I was also pleased with what I received from Mixbook. They did an excellent job with color management, and my end product looked exactly as it did on my online preview. My one little gripe, in retrospect, is that I think the printers may have added a little bit of extra sharpening between my submission and the print.
Honestly, it was too difficult to choose a winner in this category simply because they both do an excellent job. Their few weaknesses balance one another out, making it hard to identify a clear cut winner.
I was a little bit more impressed with the Shutterfly’s prints as a whole. However, I liked Mixbook’s standard binding a bit more. While Shutterfly’s pages need to be held down to stay in place, Mixbook’s default bind lays much flatter.
Options & Support
Our choice: Shutterfly
In this field, Mixbook, unfortunately, doesn’t stand a chance. The small company employs under 100 individuals. Shutterfly, on the other hand, has a workforce of nearly 2,000 employees.
For first time users, Shutterfly is an easy choice because they simply have more resources to guide customers through the bookmaking process.
In fact, Shutterfly has a “Make my Photo Book” Service in which you can forward photographs and the folks behind the scenes will design the perfect book for you. They also offer a variety of presets and templates that are easy enough for beginners to use, but still, offer some control over the finished product.
That’s not to say that Mixbook is especially difficult to use or that their staff is in any way unhelpful. They too have templates and social media shortcuts that can make the process of building a photo book easier. But, because they are a smaller company, they can’t go above and beyond the way Shutterfly can.
Both services have earned their spots at the top of the food chain and provide comparable quality.

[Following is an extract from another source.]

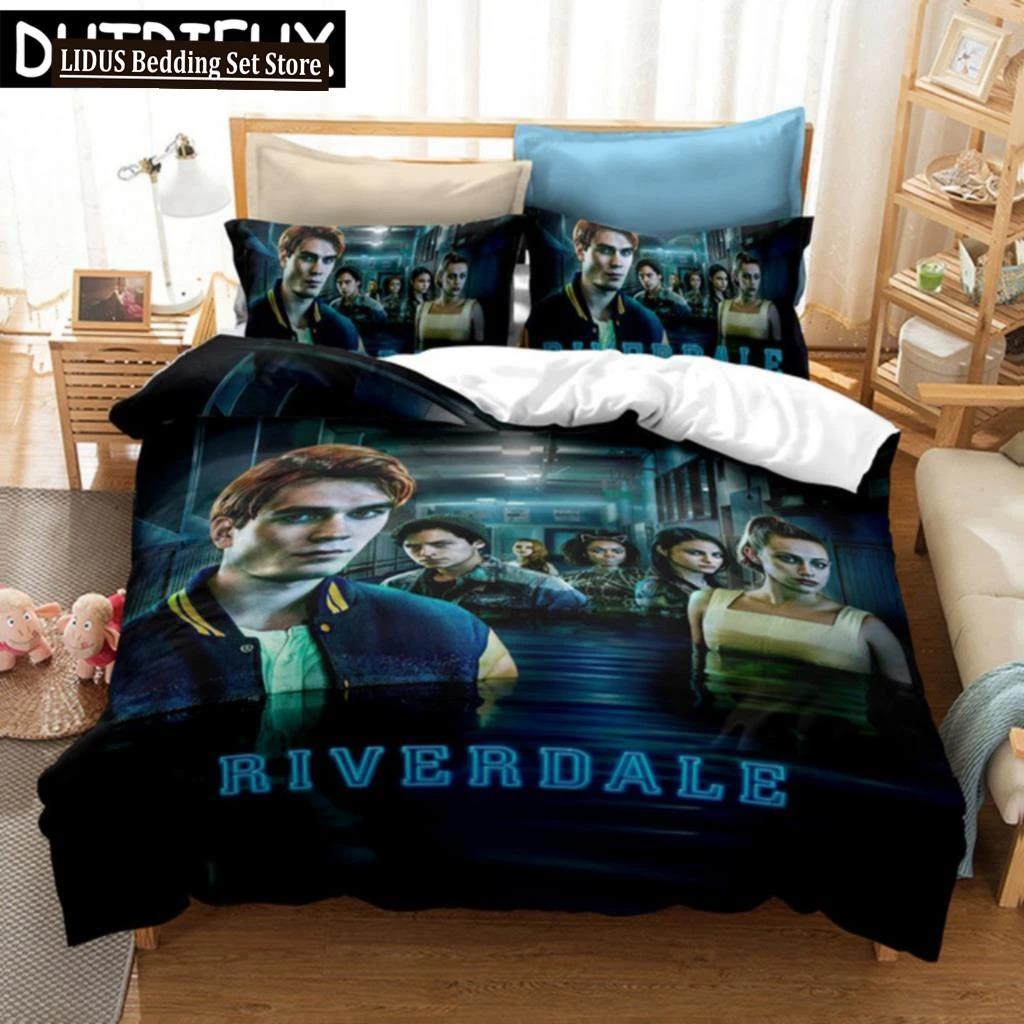 Movie Riverdale Bedding Set Teens Boys Duvet Cover Set With Pillow Cover Comforter Set Single Queen King Full Size Duvet Cover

If you’re not computer/design savvy and don’t want to go through the arduous process, Shutterfly may be the right option for you.
On the other end of the spectrum, if you have a large project and want to cut prices where you can, Mixbook may be able to cut prices without cutting quality.
In short, the printer you choose depends on where your priorities lie. Our final verdict is this: it’s difficult to go wrong with either of these heavy hitters.